Israeli family mourns war victim 
By Raffi Berg 
BBC News, Caesaria 


Doron Farkas picks up a picture of his son, one of many adorning the living room of the elegant family home in the northern Israeli coastal town of Caesaria. 

In the photograph, a handsome young man smiles as he stands in the sunshine on the deck of a yacht. 

"This was taken last year, when Thom was 22. He loved life," says Doron, his voice gripped by emotion. "I can't find the words to describe what kind of a person he was. It's too painful." 

Months after the picture was taken, and just six days after his 23rd birthday, Thom Farkas died when his Apache Longbow helicopter came down in as yet unclear circumstances north of the Israeli town of Safad, close to the Lebanese border. 

His commander, 42-year-old Tzviki Luft, from Moshav Hogla, also died in the crash. 

The two crewmen were on their way to Lebanon to carry out a mission when they lost their lives, 12 days into the conflict between Israel and Hezbollah. 

Experienced pilot 
Thom, an accomplished airman and the youngest Longbow pilot in Israel, had flown numerous sorties across the border since fighting erupted on 12 July. 

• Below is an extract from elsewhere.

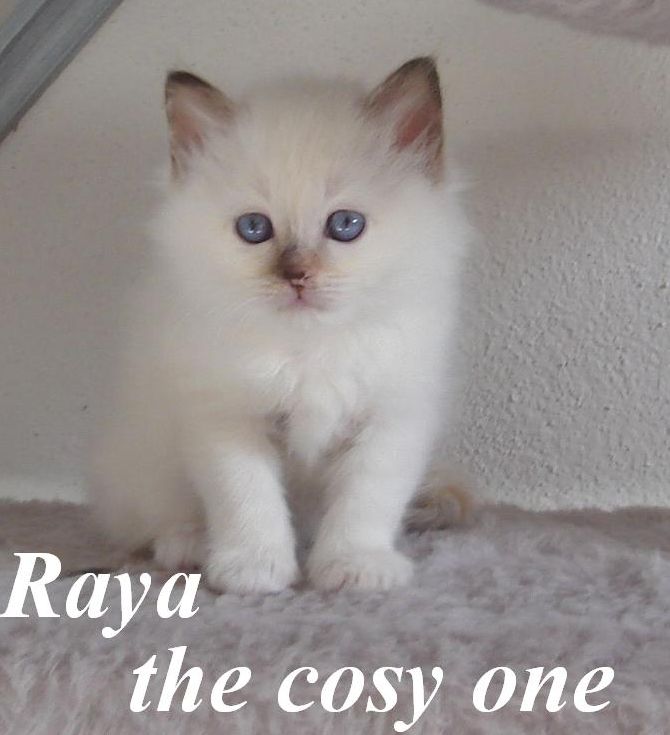 Raya the cosy One – Heilige Birma, Chocolate Tortie Point – Foto 6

He was ordered north from the Gaza Strip, where he had been carrying out raids against Palestinian militants. 

"I felt bad when I heard he'd have to fly in Lebanon and I was worried about him," says Doron, 52. 

"It was a war we had to fight, but there's nothing good about killing people, and Thom felt the same way. 

"He wasn't a natural 'army guy' - he liked to drink with friends and play his guitar. He was very much a peace-loving person. 

"He had about three more years in the army, then he planned to go into business and to travel. He wanted to live." 

Delayed reaction 
Born in Canada in 1983, Thom was the eldest of the Farkas family's three children. 

They were a close-knit family, and even when on duty, Thom would call home every day and visit whenever he could. The last time his family saw him was the day before he died. 

"On the Sunday he left, he was the same as always," says Doron. "Given the choice at that moment, he would rather have taken a vacation than go back to the army, but he knew he was doing his duty for the country and wanted to do the best he could." 

That night, Doron went to Canada on business, leaving his wife, Anat, and his daughters at home. 

"I was in Toronto when I saw on CNN that a helicopter had crashed," recalls Doron. "That's how I found out." 

"I called my family straight away, but they didn't know anything had happened. 

"Normally, someone from Thom's squadron would call to say everything was okay, but this time they delayed. 

"I knew what this meant, because I have experience of this." 

Back in Caesaria, an army commander came to the family home and broke the news to Anat that Thom had been killed. 

"I had to tell Thom's grandparents in Toronto and speak to many people on the phone, so I didn't have time to internalise it. The reaction came later," says Doron. 

Doron flew back to Israel that night, arriving the next day. 

"It's more now, a month later, that it's hitting me," he says. 

'A gift' 
Thom was one of 117 Israeli Defense Forces personnel who died during the month-long conflict. The fighting halted when a ceasefire was called on 14 August. 

Doron says his son's death has not changed his view about whether Israel should have gone to war. 

"I'm not a militant and I believe in peace, but Hezbollah were stockpiling arms and they have been kidnapping our soldiers for years. 

"If we didn't do something about it now, we would only have to do it in the future." 

If anything, Doron believes Israel stopped fighting too soon. 

"Hezbollah are already rebuilding and it's only a matter of time before they provoke another war," he says. 

Despite his misgivings, he says he does not feel Thom's death was in vain. 

"Since his death, we have had messages of support from literally thousands of people who knew him. He was loved by so many. Thom gave 23 years to the world and was a gift to us all."